Three Places, for Marguerite Duras (2003 to 2006) is a series of Wei-li Yeh’s early work that demonstrates a full spectrum of his artistic practice and philosophy of image-making while paying homage to one of his favorite writers and referencing her short story, The Atlantic Man. It is not an exception that Yeh borrows literature references in his work. The literary quality has been imbued deeply in his aesthetic composition and narratives, and further illustrates a personal resonance for affection and psychology. But the inspiration of this particular story in Yeh’s oeuvre is particularly noteworthy. The Atlantic Man tells a story about how the protagonist limbos between living and dying after his lover’s unfathomable departure. Cleaning the entire house as if preparing his own funeral, the protagonist attempts to capture the lover’s gaze, as a camera might, but the lover was invisible and present on film at the same time, recounting all the unsettling memories. Relating himself to this story, Yeh finds a parallel strategy to work on places as well as the subject of memory.

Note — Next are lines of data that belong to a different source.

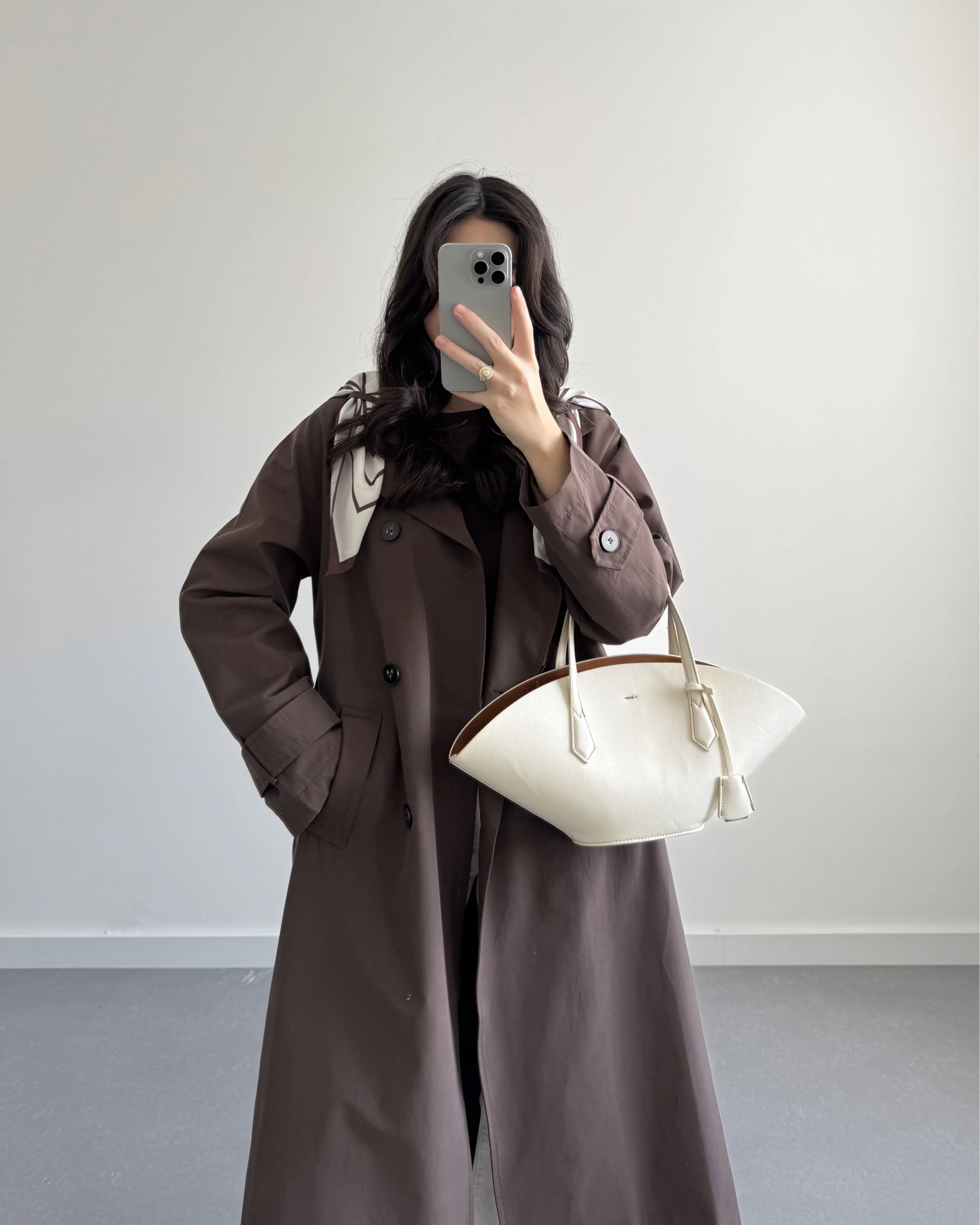 KAHVE FULARLI PREMİUM TRENÇKOT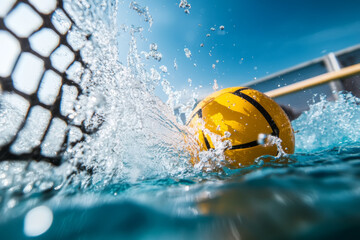 A water polo ball splashes into the goal during a competitive match under clear skies at a sunny outdoor pool
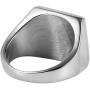 HZMAN Mens Simple Square Black Cubic Zirconia Inlaid Polished Stainless Steel Ring
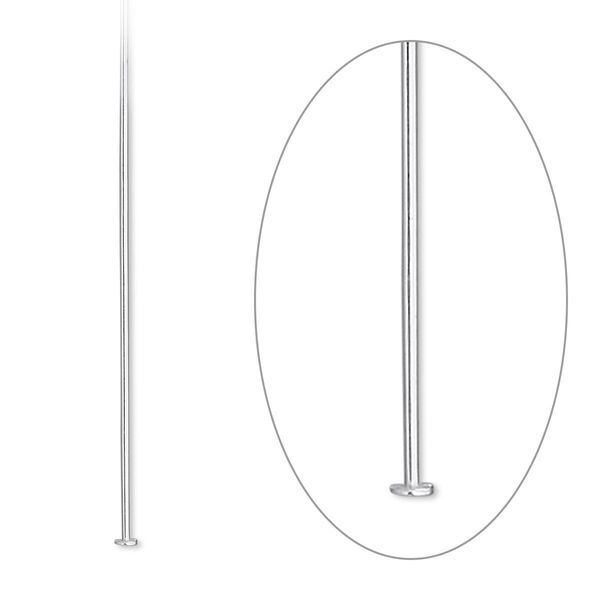 Head pin, sterling silver-filled, 2 inches, 22 gauge. Sold per pkg of 10. image number 0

Excerpted from "Three Places, Revisited"
— Esther Lu
Born in Taipei, Taiwan, in 1971, Wei-Li Yeh immigrated to the United States at the age of eleven and returned to reside in Taiwan in 2002. He obtained his master of fine arts in photography from the Rhode Island School of Design, USA, in 1997, and has exhibited internationally since the 1990s. Yeh's various photography- and text-based projects for the past decade explore the dynamics of the individual within collective practices which center on the personal and socio-political relationships between oneself and the city where he resides. Yeh currently lives and works in Yangmei, Taiwan.